Friday, August 17, 2012

Tough Topic Thursday

Today I’d like to talk to you about a tough topic – violence. In light of recent events involving violence in a public setting, coupled with a recent seminar I attended on violence in the workplace, I would like to bring to your attention the fact that we should be prepared. I’m not saying we should become fearful individuals who hesitate to venture out… I’m simply saying forewarned is forearmed and we need to know what to do in an emergency situation. The statistics below are for workplace violence (and affects women more often than men):

· Homicide is the second leading cause of fatal occupational injury in the United States. Nearly 1,000 workers are murdered and 1.5 million are assaulted in the workplace each year.
· According to the Bureau of Labor Statistics (BLS) National Census of Fatal Occupational Injuries (CFOI), in additional information about workplace violence, there were 709 workplace homicides in 1998. These accounted for 12 percent of the total 6,026 fatal work injuries in the United States.
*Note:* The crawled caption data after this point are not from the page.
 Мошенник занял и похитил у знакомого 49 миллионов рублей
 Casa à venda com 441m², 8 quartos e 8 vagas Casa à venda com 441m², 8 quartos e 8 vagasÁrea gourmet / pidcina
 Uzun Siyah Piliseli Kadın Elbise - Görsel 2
Of these 709 workplace homicide victims in 1998, 80 percent were shot and nine percent were stabbed.

· According to the National Crime Victimization Survey (NCVS), 2 million assaults and threats of violence against Americans at work occur annually. The most common type of workplace crime was assault with an average of 1.5 million a year.

· There were 396,000 aggravated assaults, 51,000 rapes and sexual assaults, 84,000 robberies, and 1,000 homicides reported. These figures likely fall short of the actual number of violent acts occurring in workplaces as not all acts of workplace violence are reported.
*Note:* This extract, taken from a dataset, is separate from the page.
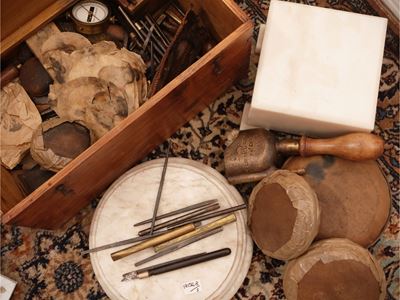 Lotto di strumenti d'artista con cofanetto e basi in marmo di Carrara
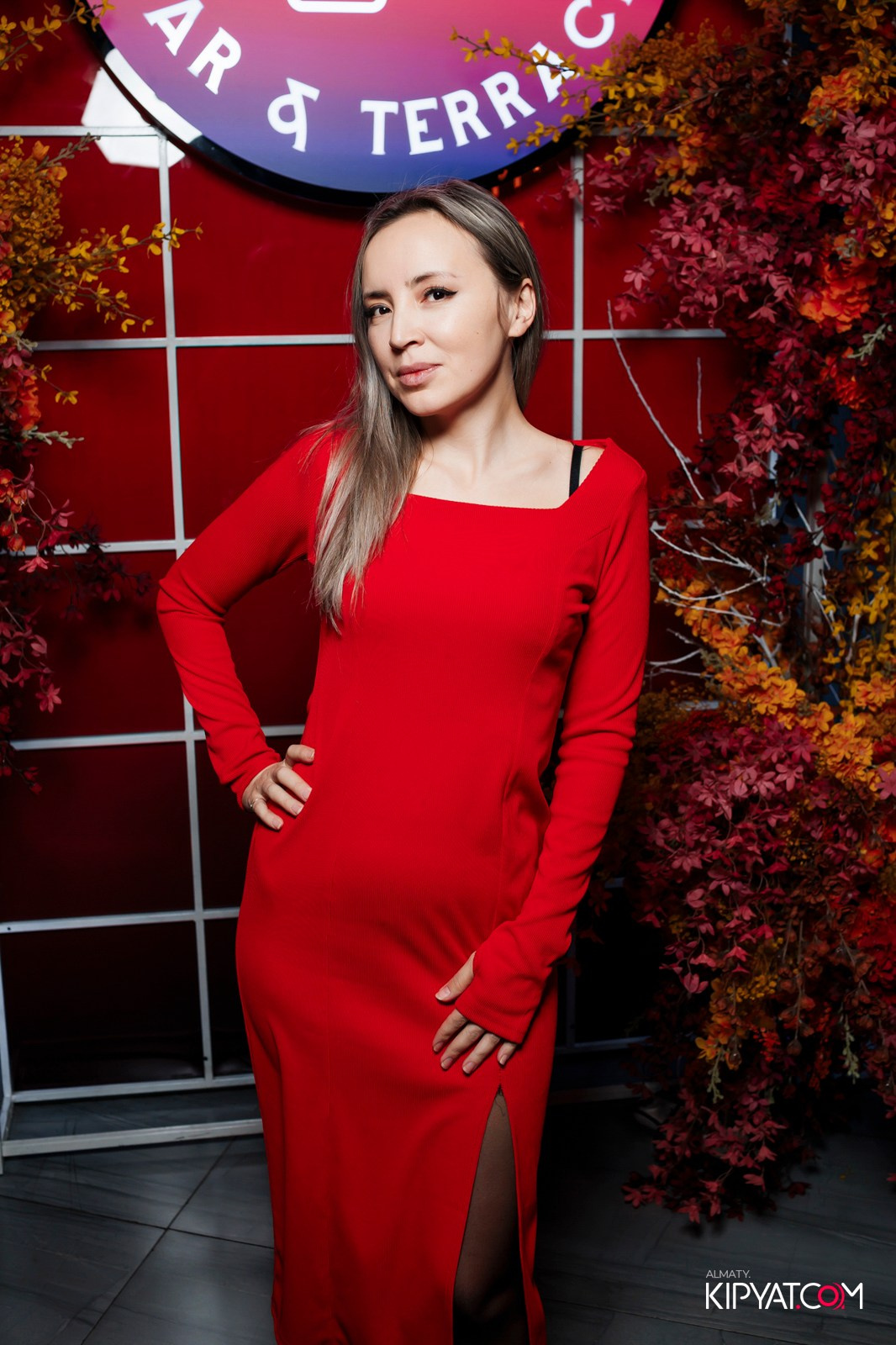 FRIENDS BAR & TERRACE. КИПЯТКОМ АЛМАТЫ!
While my prayer is that none of us will ever need to use this action plan, I urge you to read this so you will be prepared should the situation occur.


Quickly determine the most reasonable way to protect your own life. Remember that customers and clients are likely to follow the lead of employees and managers during an active shooter situation.
· Evacuate - If there is an accessible escape path, attempt to evacuate the premises. Be sure to:
· Have an escape route and plan in mind
· Evacuate regardless of whether others agree to follow
· Leave your belongings behind
· Help others escape, if possible
· Prevent individuals from entering an area where the active shooter may be
· Keep your hands visible
· Follow the instructions of any police officers
· Do not attempt to move wounded people
· Call 911 when you are safe

2. Hide out - If evacuation is not possible, find a place to hide where the active shooter is less likely to find you. Your hiding place should:
· Be out of the active shooter’s view
· Provide protection if shots are fired in your direction (i.e., an office with a closed and locked door)
· Not trap you or restrict your options for movement.
· To prevent an active shooter from entering your hiding place:
· Lock the door
· Blockade the door with heavy furniture. If the active shooter is nearby:
· Lock the door
· Silence your cell phone and/or pager• Turn off any source of noise (i.e., radios, televisions)
· Hide behind large items (i.e., cabinets, desks)
· Remain quiet - If evacuation and hiding out are not possible:
· Remain calm
· Dial 911, if possible, to alert police to the active shooter’s location
· If you cannot speak, leave the line open and allow the dispatcher to listen

3. Take action against the active shooter. As a last resort, and only when your life is in imminent danger, attempt to disrupt and/or incapacitate the active shooter by:
• Acting as aggressively as possible against him/her
• Throwing items and improvising weapons
• Yelling
• Committing to your actions
• If in a one-on-one situation, push the gun away from you and run away, running back and forth so you are harder to target.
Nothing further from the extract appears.